Thursday, March 28, 2019

Did U.S. Intelligence Fail In Estimating The Number Of ISIS Fighters During Their Final Stand In The Eastern Syrian Town Of Baghouz?

Men are detained by the Syrian Democratic Forces after coming out from last Islamic State pocket, near the village of Baghouz, Deir Al Zor province, March 1. REUTERS/Rodi Said

Military Times: Low aim or intel failure? ISIS’ last stand shows the difficulty in estimating enemy manpower

It has been difficult to find a credible number for the Islamic State group’s total troop strength ever since it emerged, and speculation has ranged widely.

The CIA estimated in September 2014 that ISIS could muster up to 31,500 fighters across Iraq and Syria.

Either that estimate was really low or the network of fighters grew considerably because the estimated enemy killed-in-action far out-paced ISIS’ total strength over the next three years.

During that time frame, the U.S.-led Inherent Resolve coalition killed “60,000 to 70,000″ ISIS followers, Gen. Raymond Thomas, who helms U.S. Special Operations Command, said in July 2017.

But by July 2018, Inherent Resolve said it estimated “ISIS manpower” at once again between 28,600 and 31,600 in Iraq and Syria.

Read more ....

WNU Editor: I have been following this conflict since the beginning, and even I was surprised by the large number of civilians and fighters that streamed out of the eastern Syrian town of Baghouz at the end. As to the question .... was this an intelligence failure? The answer is .... definitely.

4 comments:

Roger Smith said...


Lot of people in a small spot. I'm interested in the logistics. Lots of "municipal problems" there in the caliphate. Just like San Francisco they had a homeless problem.

Anonymous said...

Not surprised by this. It's always been difficult to estimate numbers of fighters. And they probably thought till the end they could surprise us with tons of fighters. No. Not surprised. And victory was coming, no matter what.

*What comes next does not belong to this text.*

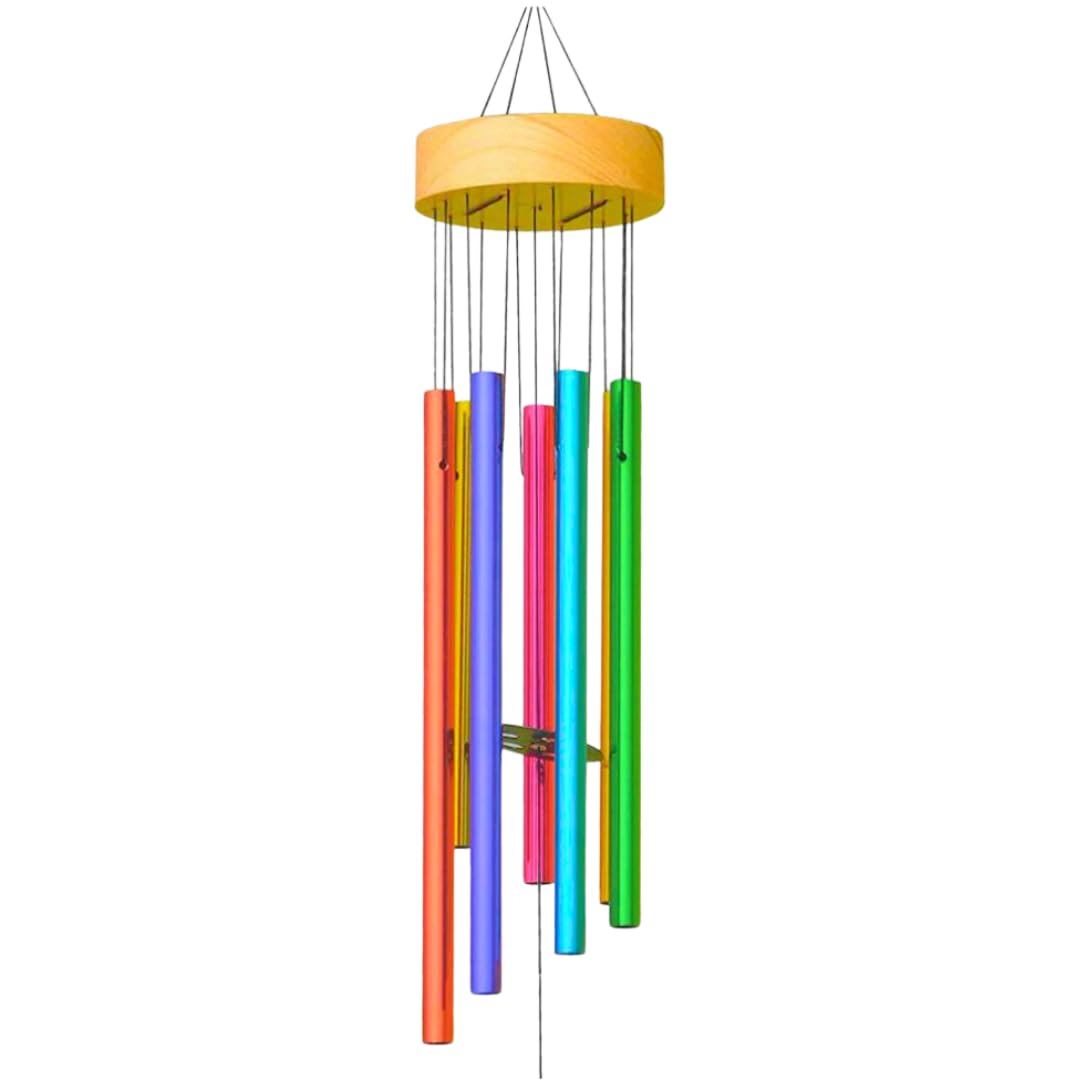 Multicolor 6-Rod Wind Chime with Wooden Top and Striker - Harmonious Home and Garden Décor-image-12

BUT: What's discussed not really is the total amount of ISIS fighters killed during the entire conflict. 200,000? 500,000? 1 million?

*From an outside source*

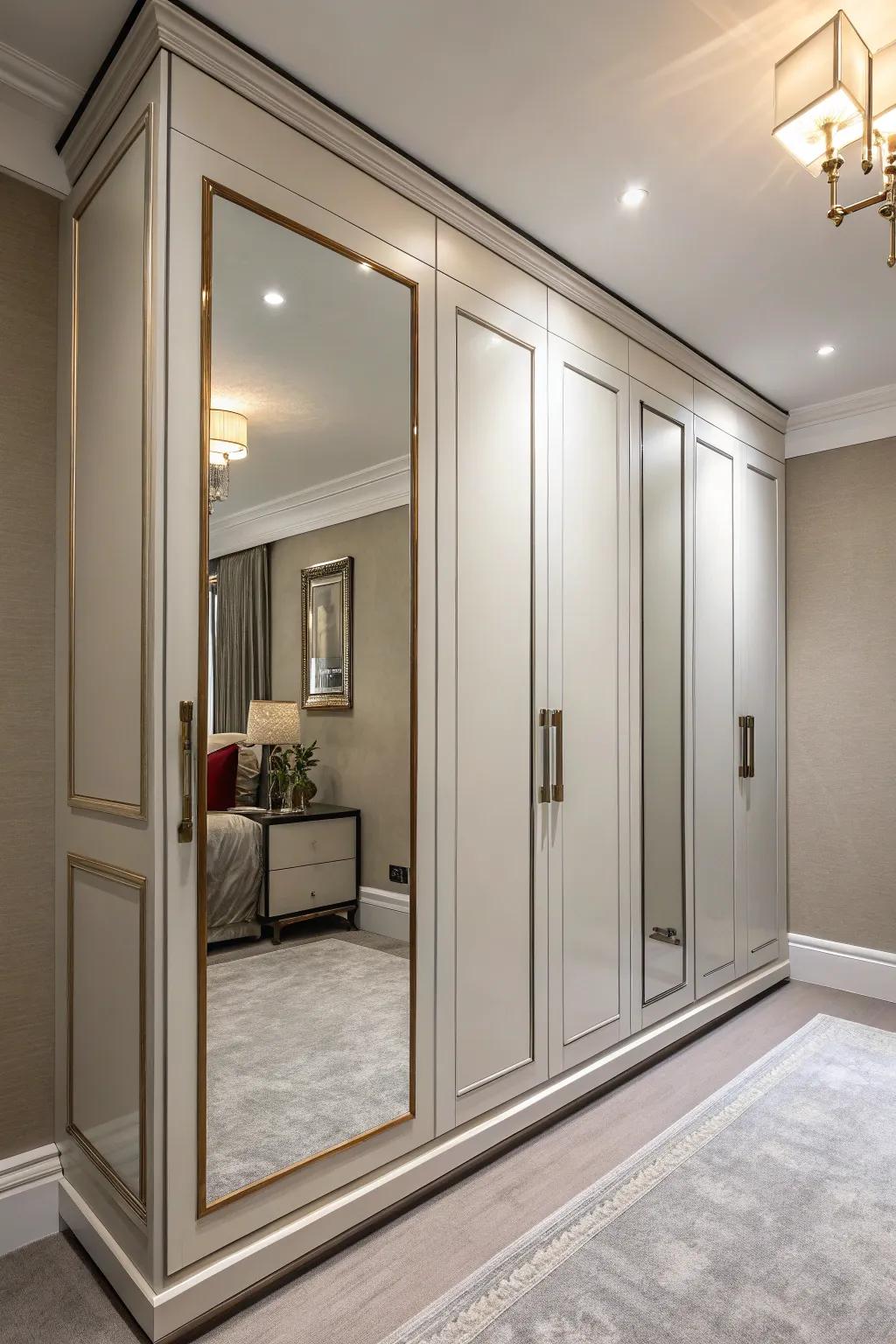 Symmetrical wardrobes impart both harmonious balance and systematic arrangement to any given space.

And when do we admit that this is not a small terror group?

And when do we admit that this is not a small fraction of Muslims?

2001: Estimates were about 20,000 fighters world wide(!)

2010: Estimated were around 70,000-150,000 fighters world wide

in 2019, at the end of ISIS caliphate, we know it's likely in the millions that have been killed (on Al Quaeda, ISIS and other extremist fundamentalist terror groups).. Millions!

But, Don Lemon on CNN goes out on live air and says - after 2 terror incidents - that white people are the biggest terror threat to the US.

Right.

Let that sink in.
Millions of terrorists on one side, and Don Lemon calls an entire race the problem. CNN, how low will you go to divide this nation?

Anonymous said...

Your data is only as good as your sample size.

If a meteorologist fails top predict the weather 3 days out, maybe it is because there are not enough weather stations.

Maybe there was not enough sigint, satellites and humint and analysts.

Surveillance in any profession or industry costs money.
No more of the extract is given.